#### Dataset content ####

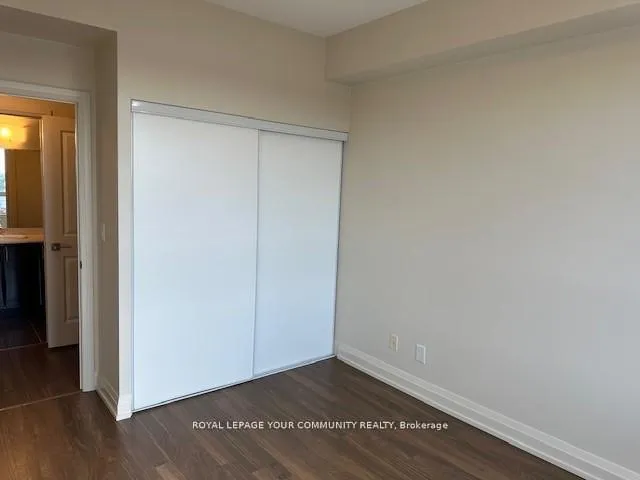 Photo 13 of Unit 415, 7171 Yonge Street, Markham, Thornhill — HOMEH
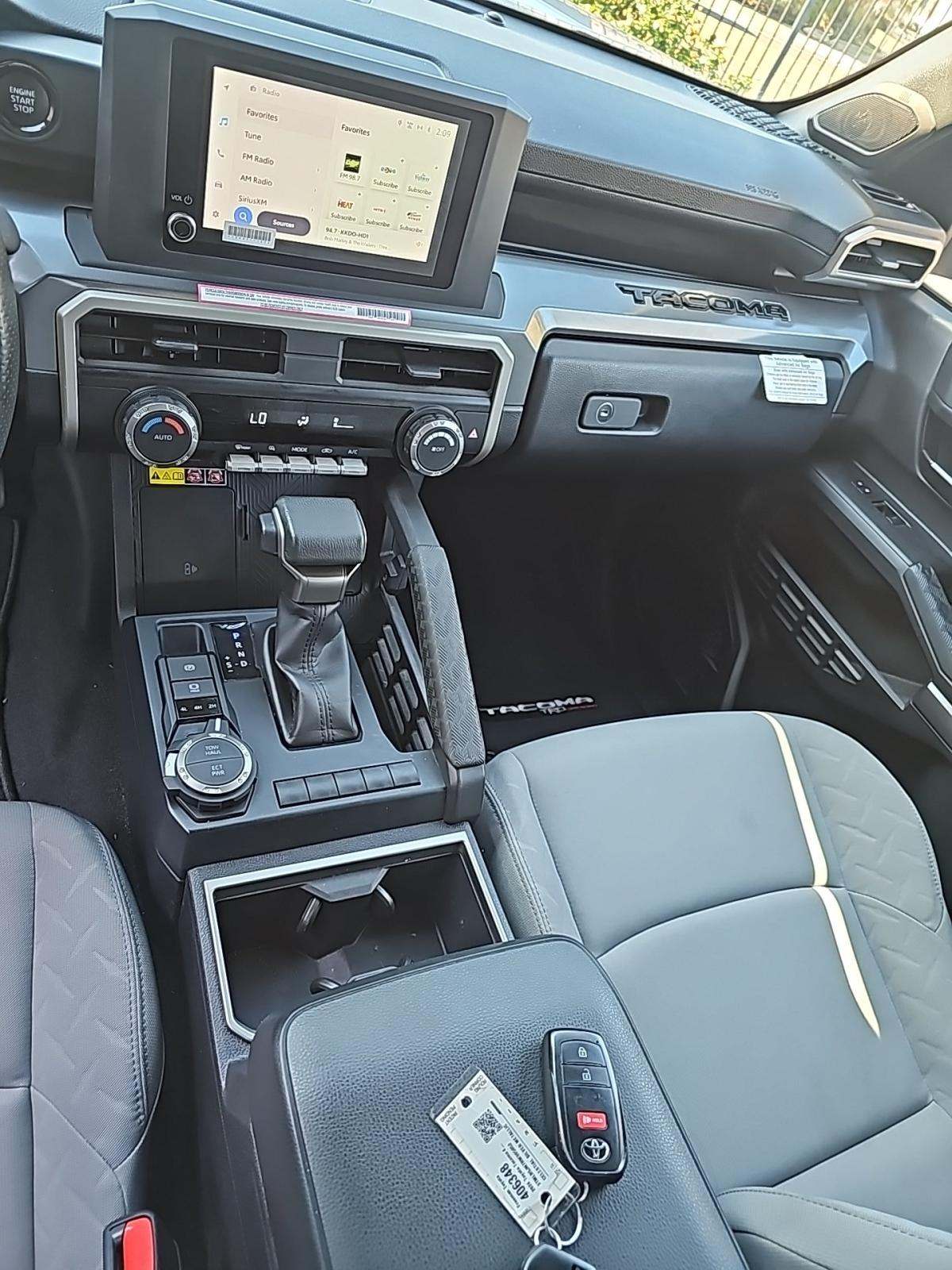 2024 Toyota Tacoma SR5 AWD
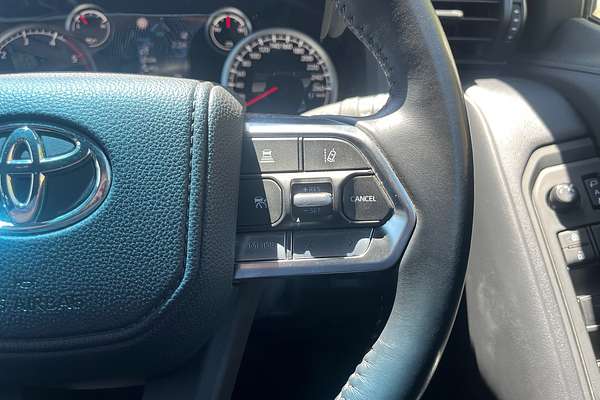 2024 Toyota Landcruiser GXL FJA300R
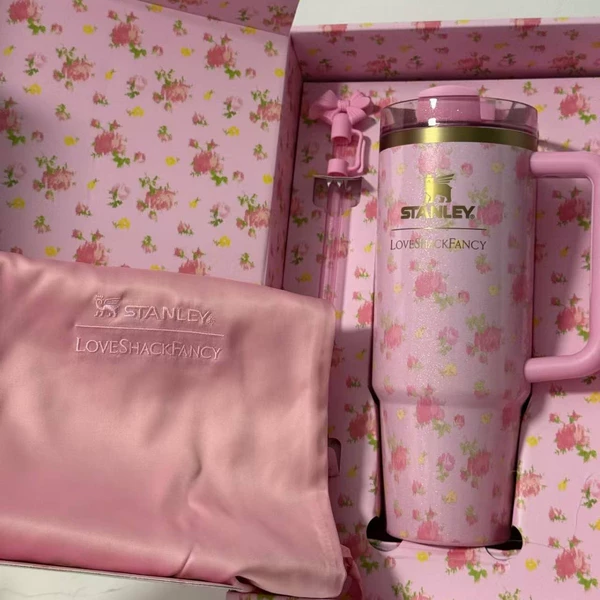 Pink flower gift box style A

####

Try it: With the images removed, write out all of the material above exactly.

Exercise response:
 Photo 13 of Unit 415, 7171 Yonge Street, Markham, Thornhill — HOMEH
 2024 Toyota Tacoma SR5 AWD
 2024 Toyota Landcruiser GXL FJA300R
 Pink flower gift box style A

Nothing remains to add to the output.